Community Strengthening Evidence Review

  • Strong community wellbeing is critically important for helping children, young people and families thrive, especially when they are experiencing, or at risk of experiencing, vulnerability.
  • The Centre for Social Impact at the University of NSW conducted an evidence review on: What community engagement or community development theories, practices, and activities have been found to contribute to community wellbeing for vulnerable children, young people and families?
  • The review identified five critical elements that are common across the evidence:
    • Inclusive and genuine co-design and partnership: Building authentic partnerships with community that work towards community ownership while also ensuring that the diverse voices of that community are represented.
    • Leveraging strengths and building capacity: Initiatives that are both strengths-based and actively building community capacity.

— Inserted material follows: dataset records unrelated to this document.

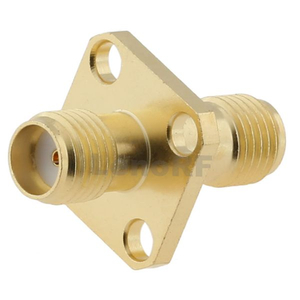 Durable SMA Female To Female 4-Hole Flange Mount Brass Body Adapter For Telecommunication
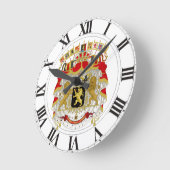 Belgien-Wappen Runde Wanduhr (Winkel)
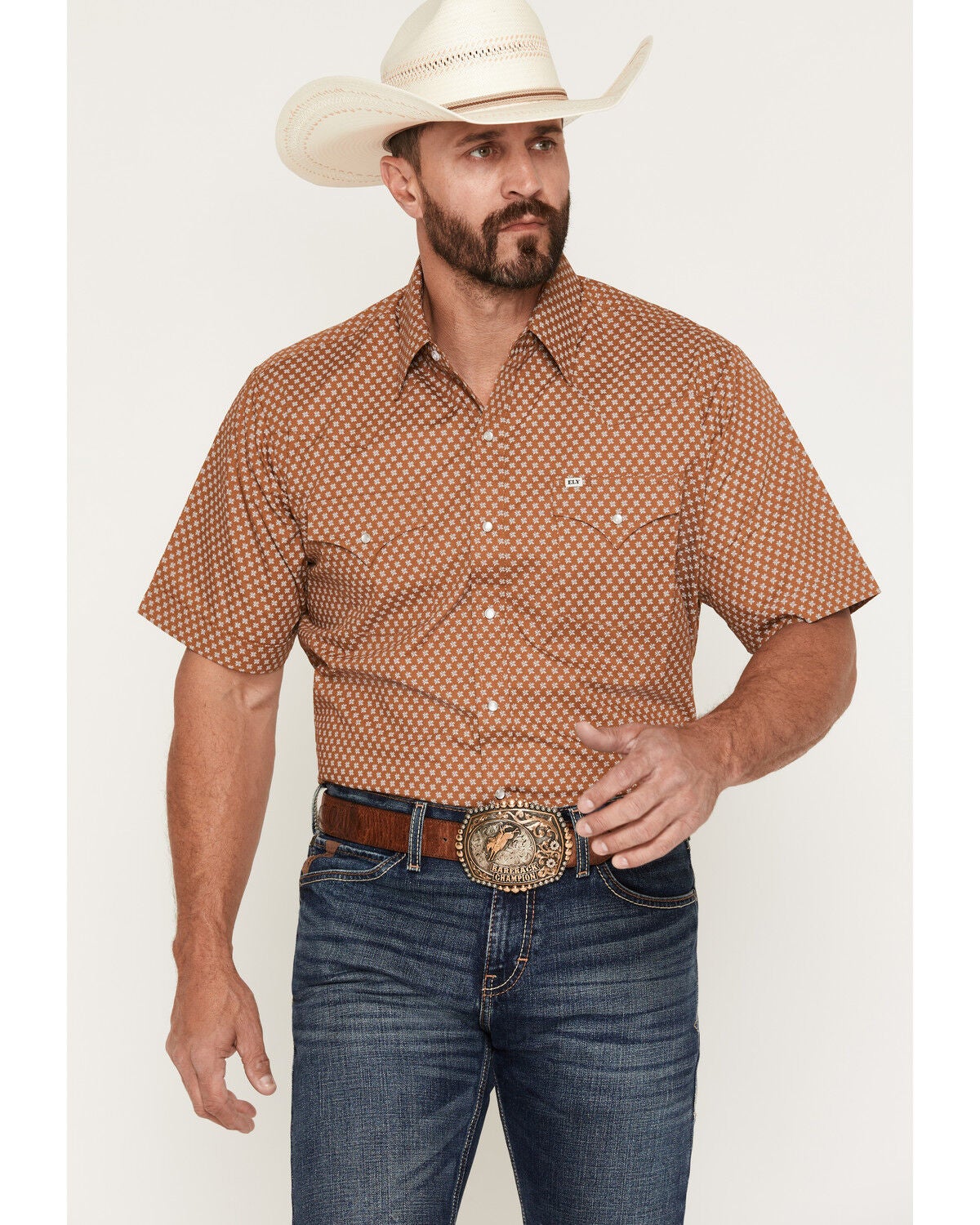 Ely Walker Men's Geo Print Short Sleeve Pearl Snap Western Shirt - Big, Tan, hi-res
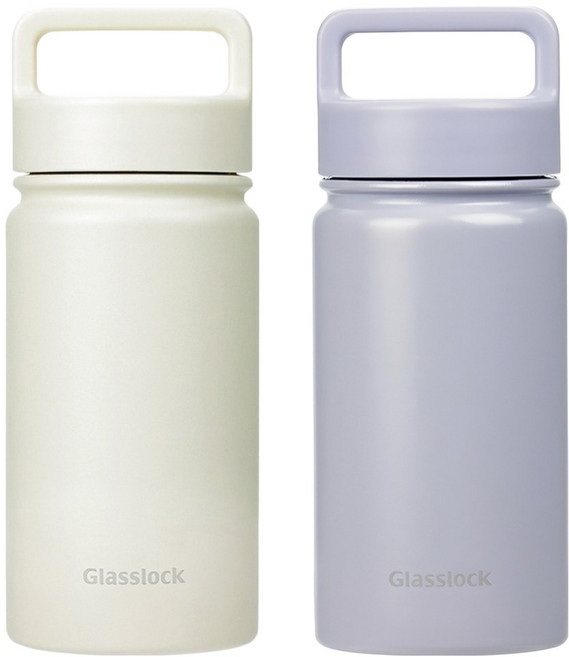 글라스락 스포티 핸들 텀블러 2p, 페일라벤더 + 베이지, 350ml, 1세트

    • Creating safe and effective spaces: Spaces that are safe and accessible to everyone to allow for the effective engagement of diverse community members.

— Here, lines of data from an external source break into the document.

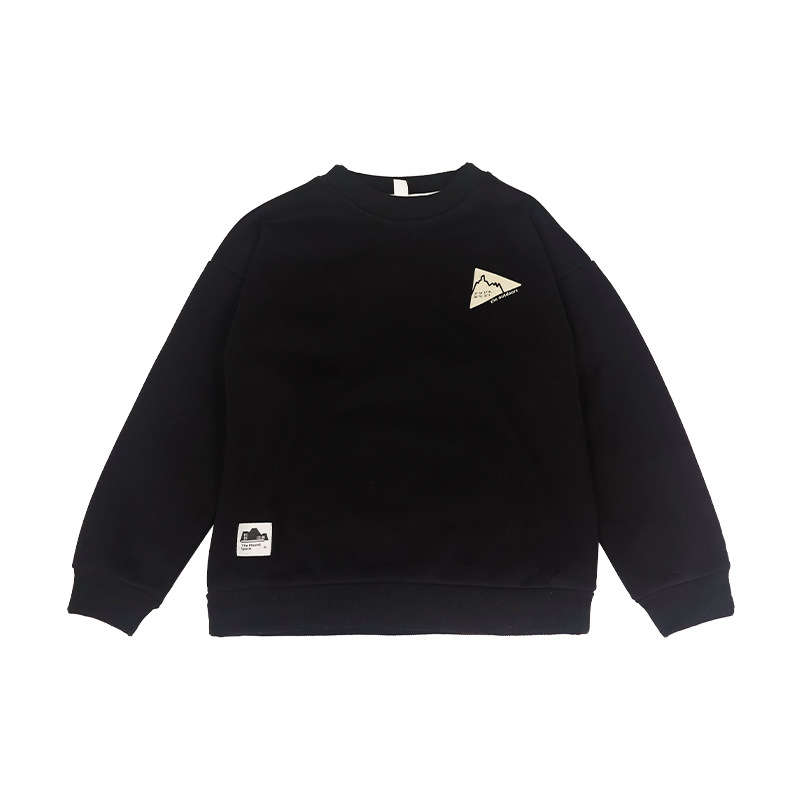 童裝男童加絨衛衣2025冬季新款兒童圓領衛衣中大童休閒上衣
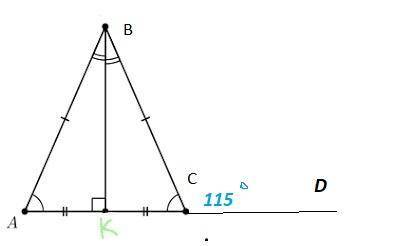 У рівнобедреному трикутнику ABC - основа AC ,зовнішній кут ВСД 115 .знайти кут ABC​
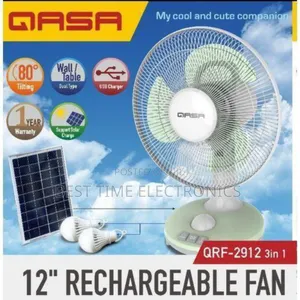 12" Qasa Solar Rechargeable Table Fan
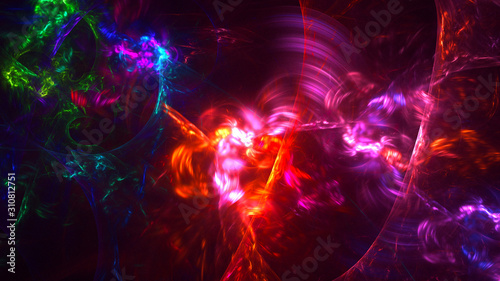 3D rendering abstract red fractal light background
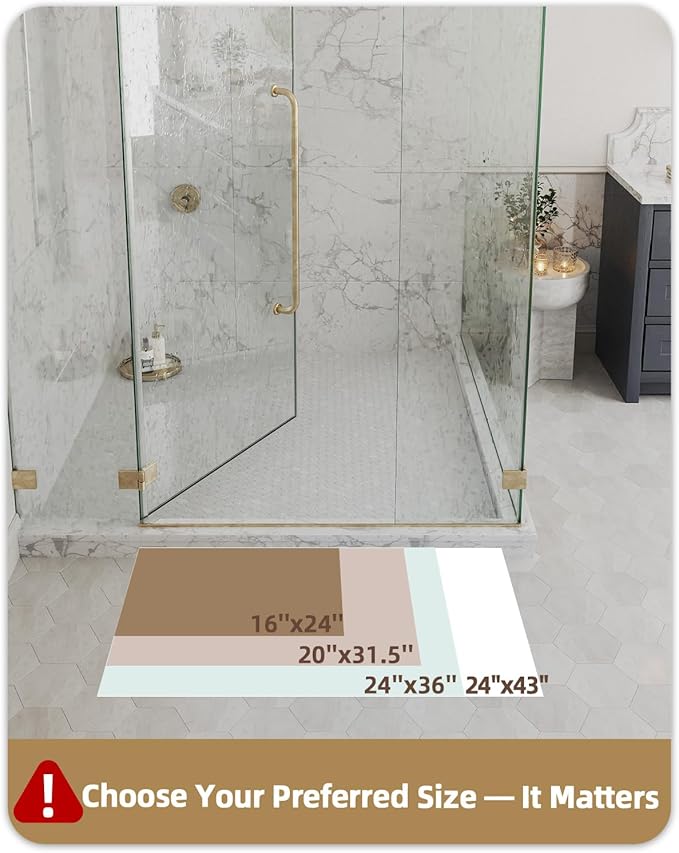 Color&Geometry Small Bath Rugs Non Slip Washable, 16"x24" Absorbent Beige Bathroom Rugs, Soft Bath Mats for Bathroom Floor, Shower, Bathtub, Laundry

    • Intersectional and safe approaches: Incorporating an understanding of how the different aspects of a person's identity (e.g. gender, ethnicity, disability) can expose them to overlapping and intersecting forms of discrimination and marginalisation to allow for the delivery of a more integrated, safe and holistic suite of services.
    • A whole system approach: Interventions that are part of a whole system approach that inter-connects multiple community cohorts and agencies.

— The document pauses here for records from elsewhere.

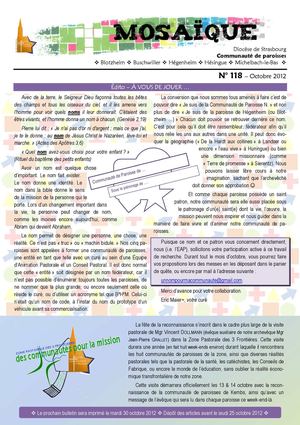 Bulletin Paroissial Mosaïque n° 118 - Octobre 2012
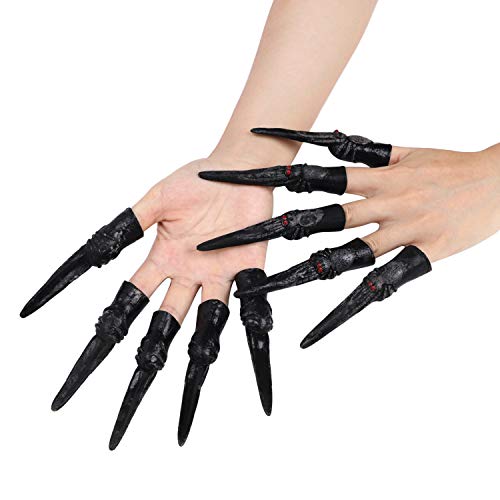 10 Stück Halloween Kostüm Party Fake Nägel Gruselige Hexe Lange Finger Nägel Kralle Vampir Horror Fingernagel Kinderbett Abdeckung Dekorative Requisiten Krallen für Cosplay Halloween Party von FakeFace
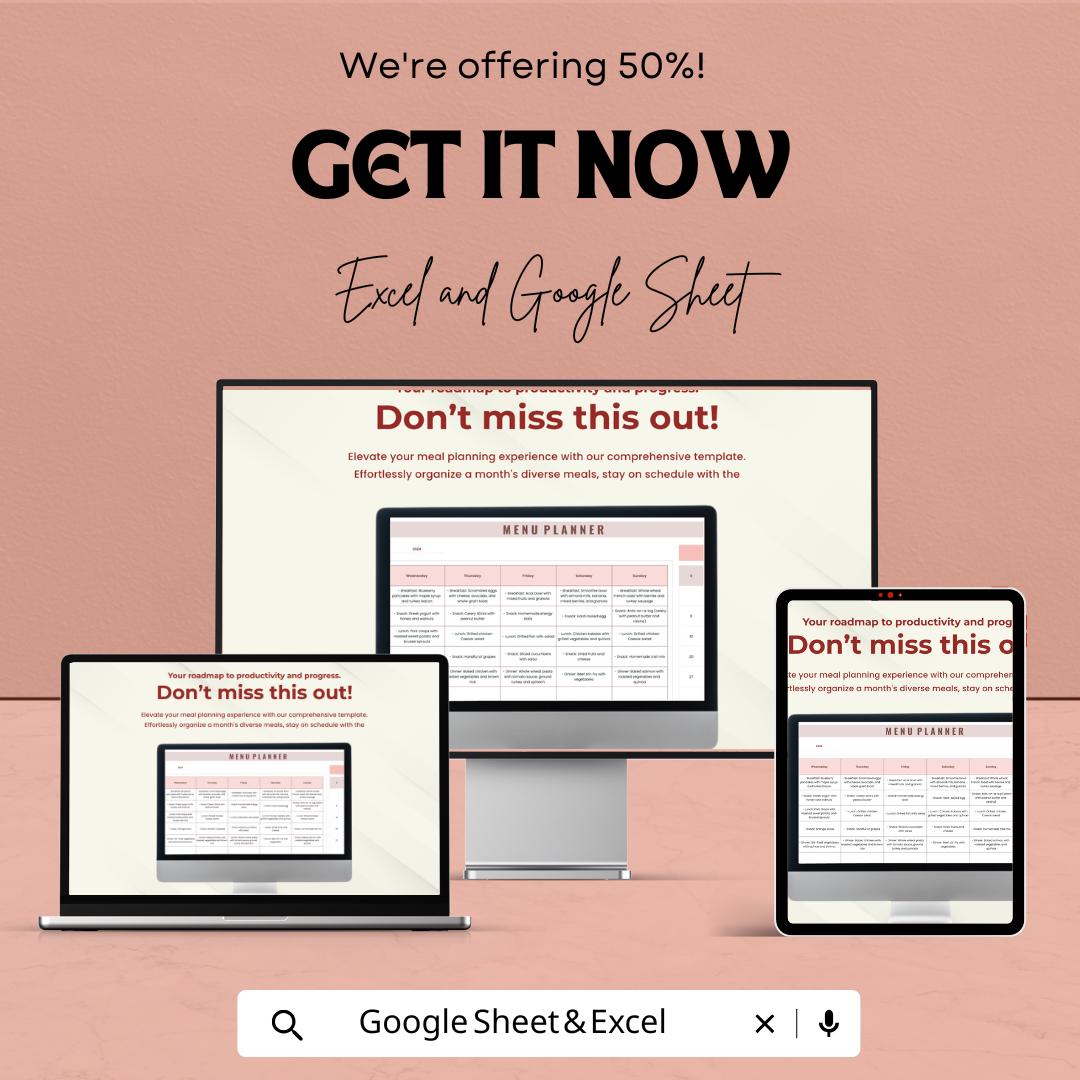 Menu Planner Sheet - Monthly Meal Planner Excel & Google Sheet Template for Organized Weekly Meal Prep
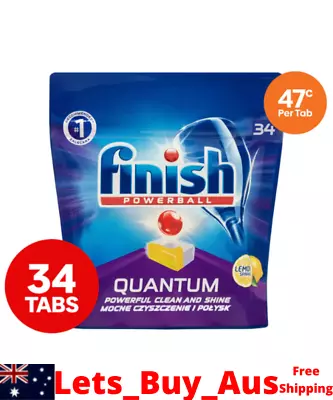 $19.18 • Buy 34PK Finish Powerball Quantum Lemon Sparkle Dishwashing Tablets For Dishwasher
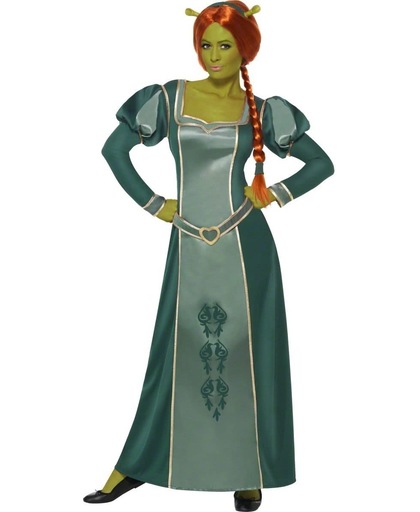 Fiona (shrek) jurk met pruik en haarband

  • See the Evidence to Action Note (PDF, 716.1 KB) and the full report (PDF, 1.4 MB) for more information about the evidence review.

Considerations

  • The concepts of “community wellbeing”, “community development” and “community engagement” are variously defined and measured in the literature. This review uses definitions that closely align with these concepts in the context of children, young people and families.
  • Community strengthening practices are often characterised by non-standardised interventions of a qualitative nature which may limit the ability to make authoritative claims about the success of such practices. The review also incorporated practice-based knowledge identified through stakeholder submissions.  However, the purpose was to ensure a broad, inclusive strength-based approach to the study designs captured as part of the review.
  • Whilst the thematic analysis of extracted data involved a subjective element from the research team, the critical elements distilled from the findings are rich and insightful and are common across the evidence.
  • It is probable that there may be additional effective interventions that operate to improve community wellbeing for vulnerable children, families and communities but which have not yet been evaluated or identified through this evidence review.
  • The evidence review draws on the best available research evidence that was available within these parameters as a starting point.  However, as noted in the conclusion to the report, additional work is needed to expand on this, including further evaluating the quality of the evidence and identifying what further evaluations need to take place.